New weight at 1 mile in the sky

[pwhite4541]

1. In 1956, Frank Lloyd Wright proposed the construction of a mile-high building in Chicago. Suppose the building had been constructed. Ignoring Earth's rotation, find the change in your weight if you were to ride an elevator from the street level, where you weigh 600N, to the top of the building.
2. (1) F = GmM/R^2 and (2) F= GmM/(R+h)^2, where h is the height in meters above the earth.
3. I figured that if I could calculate the acceleration due to gravity at 1 mile above Earth's surface, I could figure out the new weight. I used the equation above that includes h and got the answer wrong. The solution divides formula 1 by 2. I don't understand why my method did not work or why this method does work. Help!

 

[Chestermiller]

Show us the details of what you did. Both methods are equivalent, so you should have gotten the same result.

 

[pwhite4541]

Determined the mass to be 61.22 kg, then m = 61.22.

F = GMm/(R+h)^2 = (6.67e-11)(5.98e24)(61.22)/(6.37e6+1609.34)^2 = 601.48 N

601.48 N is the new weight at 1 mile above the earth? Shouldn't it be slightly less than the original of 600 N?

(61.22)(g) = 601.48, g= 9.82 < -- Gravity is stronger at 1 mile above the earth? I got this result and stopped the problem to re-examine my arithmetic and my understanding of the equations. I'm not sure what I am doing wrong.

 

[nasu]

Well, you take g=9.80 m/s^2 to calculate the mass and then use some values for radius and mass of the Earth to calculate the weight.
The problem is that these values are not compatible.
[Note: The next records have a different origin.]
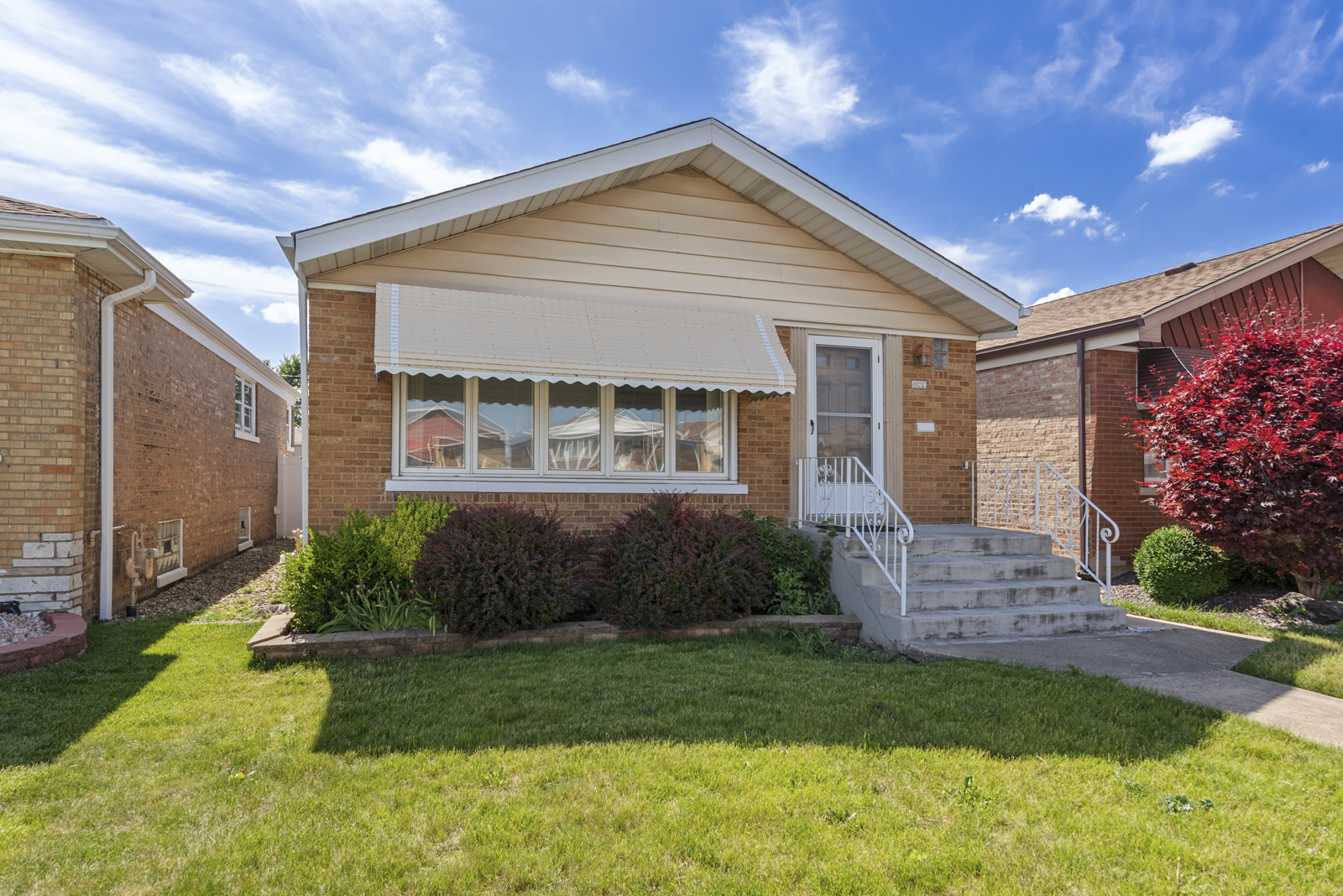 5622 S Parkside Avenue, Chicago, IL 60638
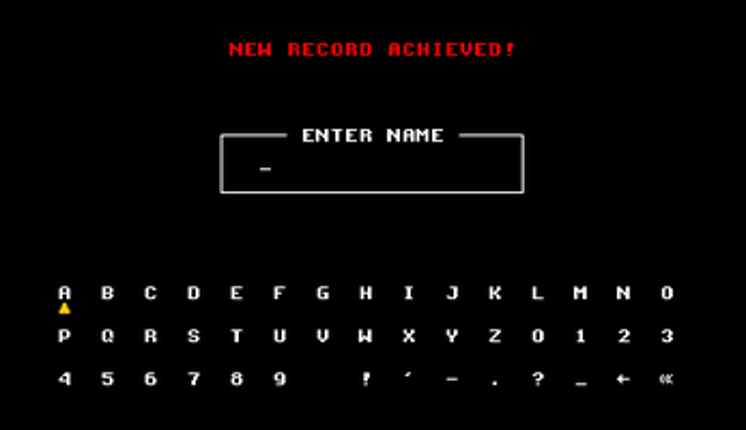 Prince of Thieves (2024) screenshot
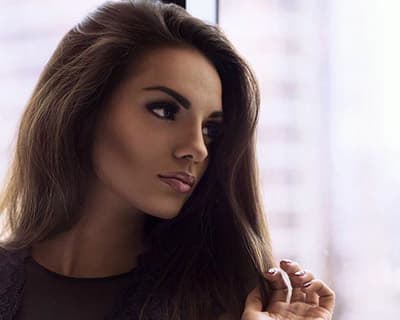 Fay Teresa Valbekk crowned Miss World Norway 2015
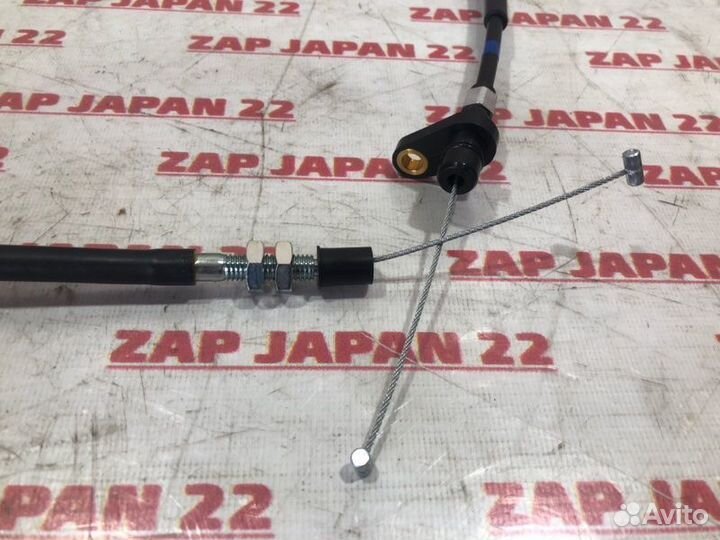 Тросик кикдауна АКПП Toyota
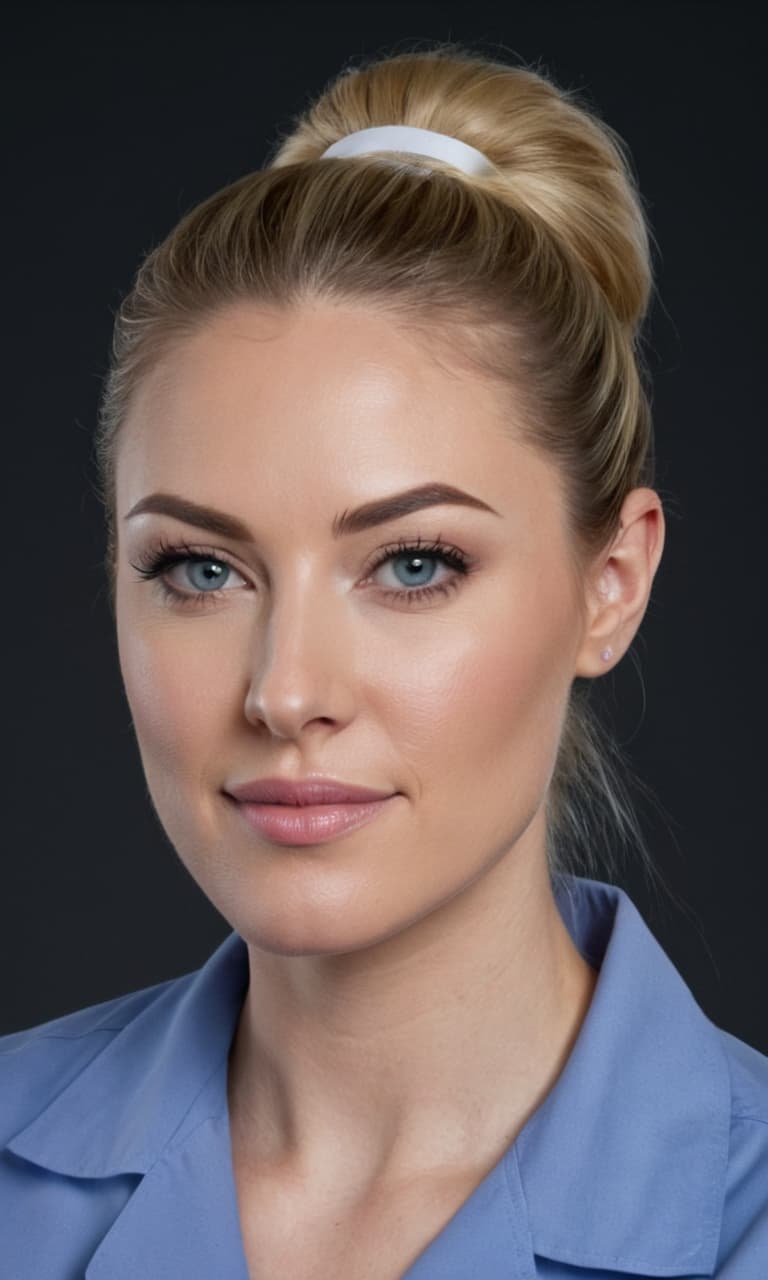 Avatar of AI Girlfriend Laila Nash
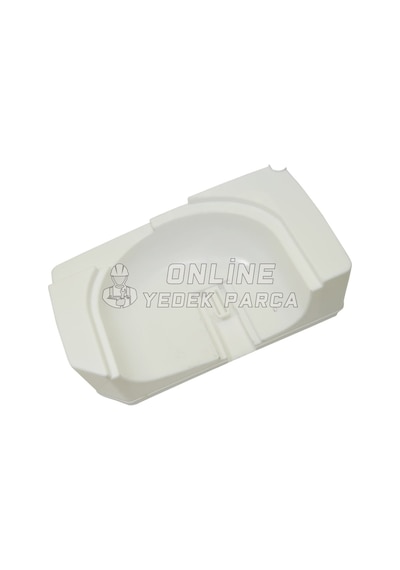 Arçelik Uyumlu Buzdolabı Motor Su Kabı - Buharlaştırma 394805993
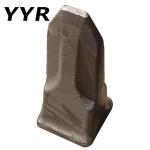 High Strength E345 9W8552 Excavator Bucket Tooth Rock Bucket Teeth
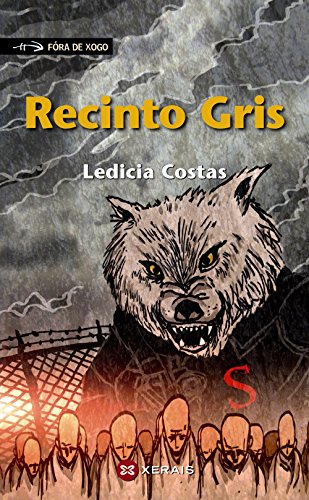 Recinto Gris (Fora De Xogo) Recinto Gris (Fora De Xogo)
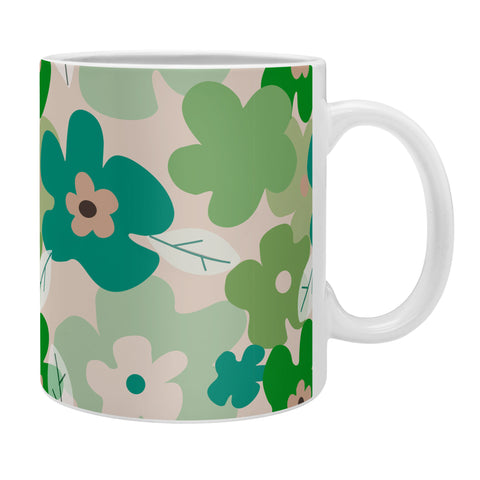 Mirimo FloraPop Spring Coffee Mug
With these values for radius and mass, you get g=9.83 m/s^2.
It's a small difference but the effect you are looking for is also small.
As the problem does not give you the radius and mass of the Earth, it is better to solve without assuming specific values, when possible.
If you estimate the ratio, even if the value for the radius of the Earth is a little off the result will be in the right direction.